In questa veduta dal mare il nucleo urbano è ben reso nel suo regolare schema ippodameo, ma sono enfatizzati gli spazi vuoti (strade e piazze) rispetto al tessuto edilizio. Le architetture civili e religiose sono rappresentate in maniera sommaria, senza mostrare l’effettivo rapporto di scala tra esse e con il contesto ambientale. Più dettagliata invece appare la restituzione della cerchia delle mura (sebbene siano indicati solo tre dei quattro nuovi bastioni) fortificata ad opera dell’ingegnere militare Pedro Trevino a partire dalla metà del XVI secolo: oltre alla porta di Parsano, sulla parte meridionale delle mura, sono riportate in dettaglio anche le garitte o ‘garrette’ destinate alle sentinelle.
[Rossano Astarita]

Città Sorrento
Autore ignoto
Soggetto Sorrento.

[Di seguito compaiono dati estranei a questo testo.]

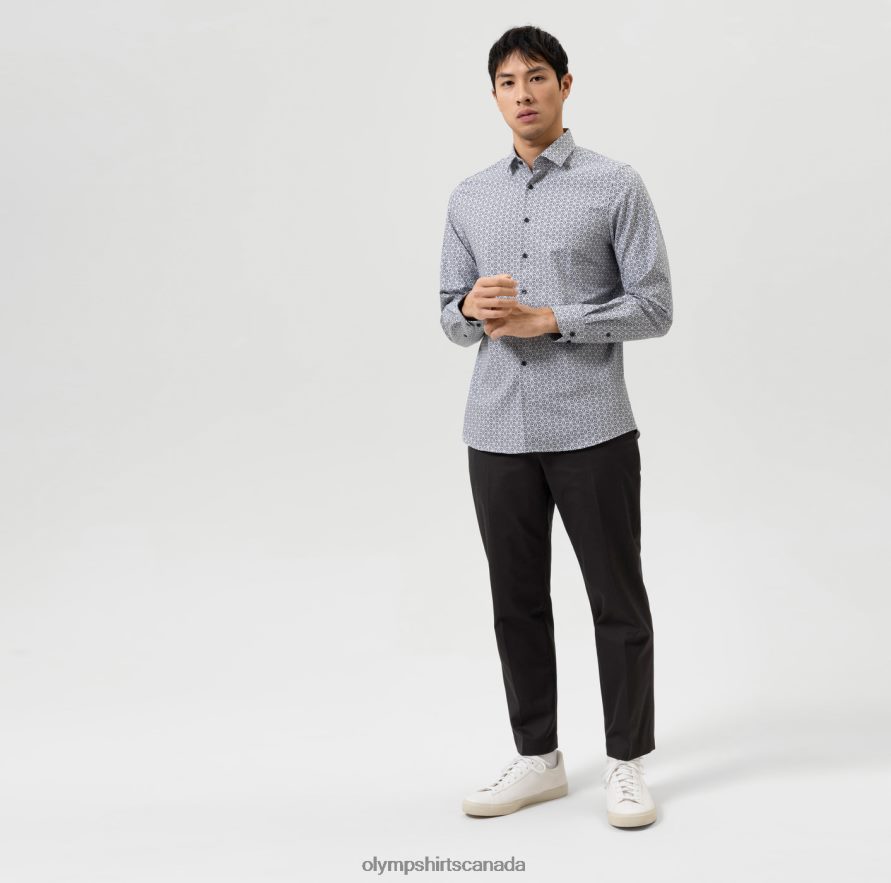 OLYMP Level Five 24/Seven Body Fit Business Shirt Modern Kent Black H2P42H720 Clothing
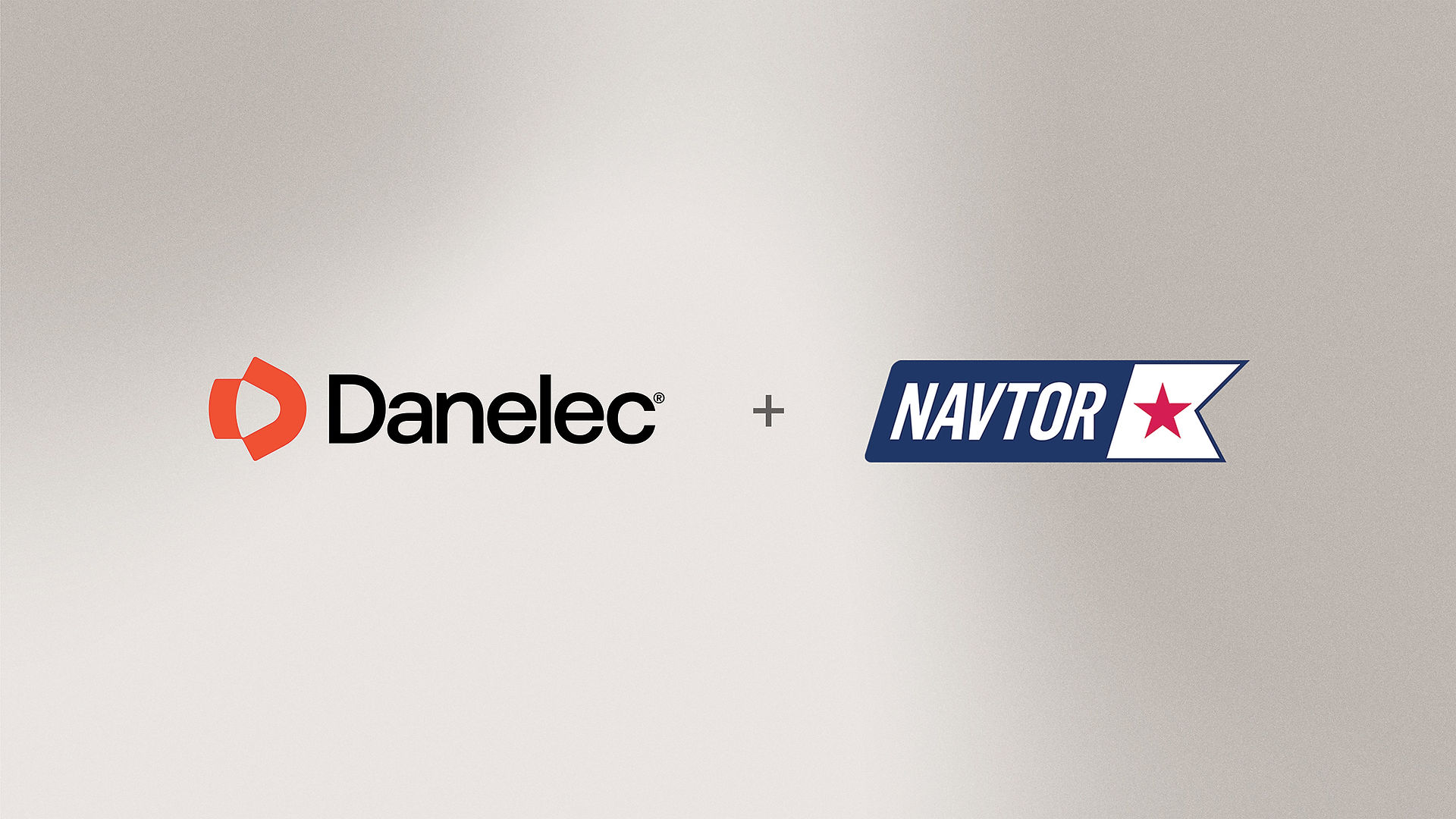 The Danelec logo in orange and black and the Navtor logo in blue, white and red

Veduta a volo d'uccello
Ambito Cronologico 1703
Collocazione Napoli, collezione Garolla
Tipologia veduta prospettica o a volo d'uccello
Tecnica stampa
Editore Muzio, Michele Luigi
Luogo Edizione
Scala
Iscrizioni In alto, al centro è il cartiglio col nome della città, a destra lo stemma della stessa; in basso, a sinistra, la dedica agli Illustrissimi signori Vincenzo, Urso e Mario Falangola, patrizi sorrentini; sotto, la legenda (A-M) con l’indicazione delle principali emergenze architettoniche: Duomo, SS. Annunziata, Porta di Parsano, Porta della Marina Grande; chiesa dei Domenicani; San Paolo; San Francesco; Sant’Antonino; Seggio di Porta; Ponte e Porta Maggiore; Seggio Dominovo; chiesa dei Carmelitani.
Dimensione 13,5 x 19
Supporto carta
Nazione Italia
Rif.CD 03 Rif_Scheda 3
Bibliografia L. Fino, 'Da Castellammare a Massa. Vedute e costumi della costiera sorrentina. Disegni, acquerelli e stampe dal XVI al XIX secolo”, Napoli 1994; R. Astarita, scheda, in 'Iconografia delle città in Campania. Napoli e i centri della provincia”, a cura di C. de Seta e A. Buccaro, Napoli 2006, pp. 331-332.